Bu intikal keyfiyetinin ne zaman vuku bulduğu iyice kestirilemiyorsa da oldukça eski olduğu anlaşılıyor. Eski Arap coğrafyalarında Antep’in adı geçmiyor; ancak Orta zaman nihayetlerinde yenilerinde zikrediliyor. Bu da bize gösteriyor ki Antep’in Dülük yerine kaim olması takriben Ortaçağ sonlarındadır. Zaten, şehirdeki en eski camilerin inşa tarihleri de bunu gösteriyor. Boyacı Camii hicri 603 (M. 1211—1212) de, Bişirci Camii 681 (1282—1283) de yapılmıştır..

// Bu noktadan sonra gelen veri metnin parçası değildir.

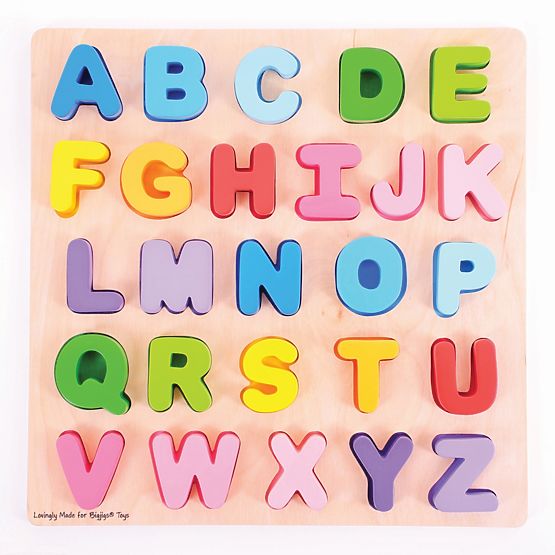 Bigjigs Baby Alphabet litere mari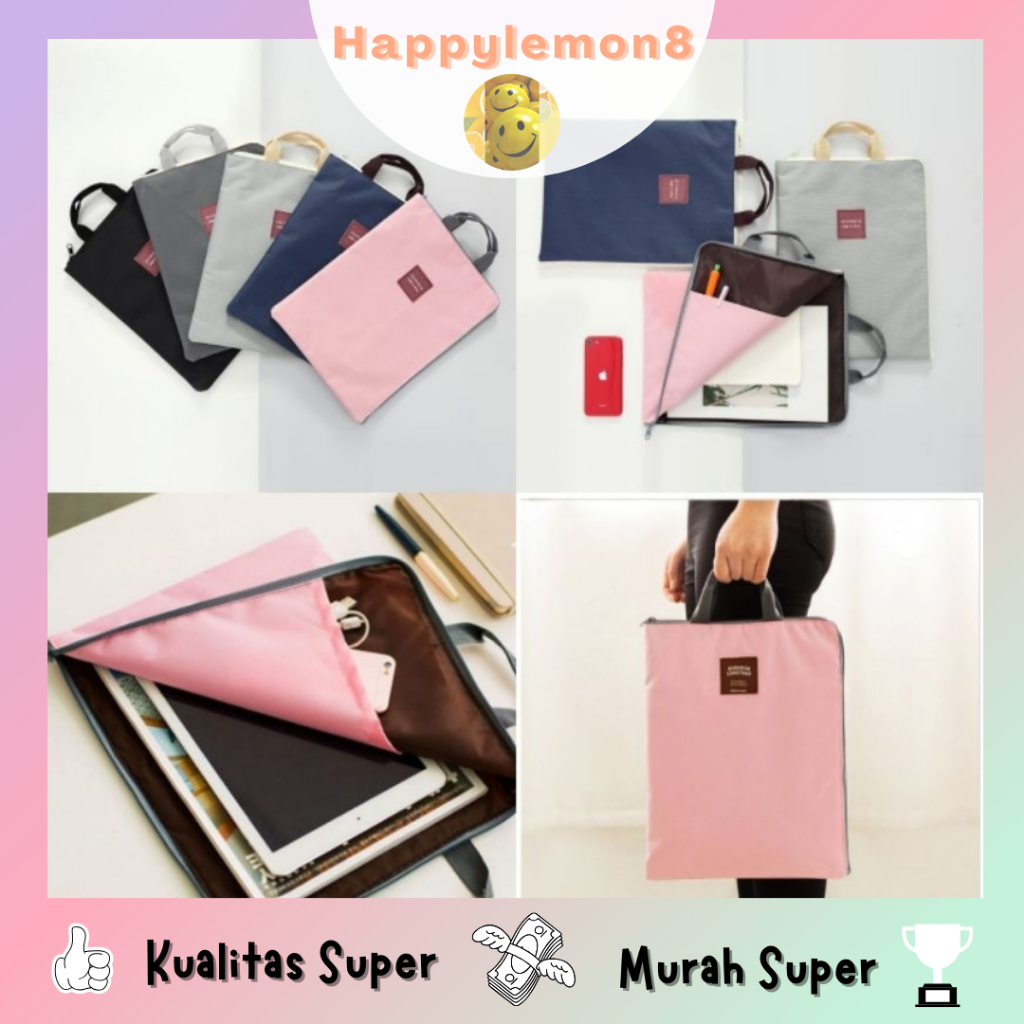 

Tas map A4 file organizer laptop ipad tenteng/tas laptop kain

Gaziantep şehri bugün 70 bine yakın nüfusu ile büyük ehemmiyet kazanmıştır. Plâtonun mümbit toprakları üzerinde kurulmuş olan bu şehrin inkişafında büyük bir âmil teşkil eden buradaki müna kale vaziyetinin hususiyetidir. Adana’dan itibaren gelen mühim şosa bir taraftan Diyarbakır diğer taraftan Musul’a geçmektedir. Malatya bölgesinden gelen yollar da yine buradan Halep’e, İskenderun'a ayrılmaktadır. Demek oluyor ki, Gaziantep’e gelen her yol buradan çatallaşarak civara dağılmaktadır.

Temenni ederiz ki, aynı kaide gerçekliğini yapılmakta olan demiryolumuzda da göstersin.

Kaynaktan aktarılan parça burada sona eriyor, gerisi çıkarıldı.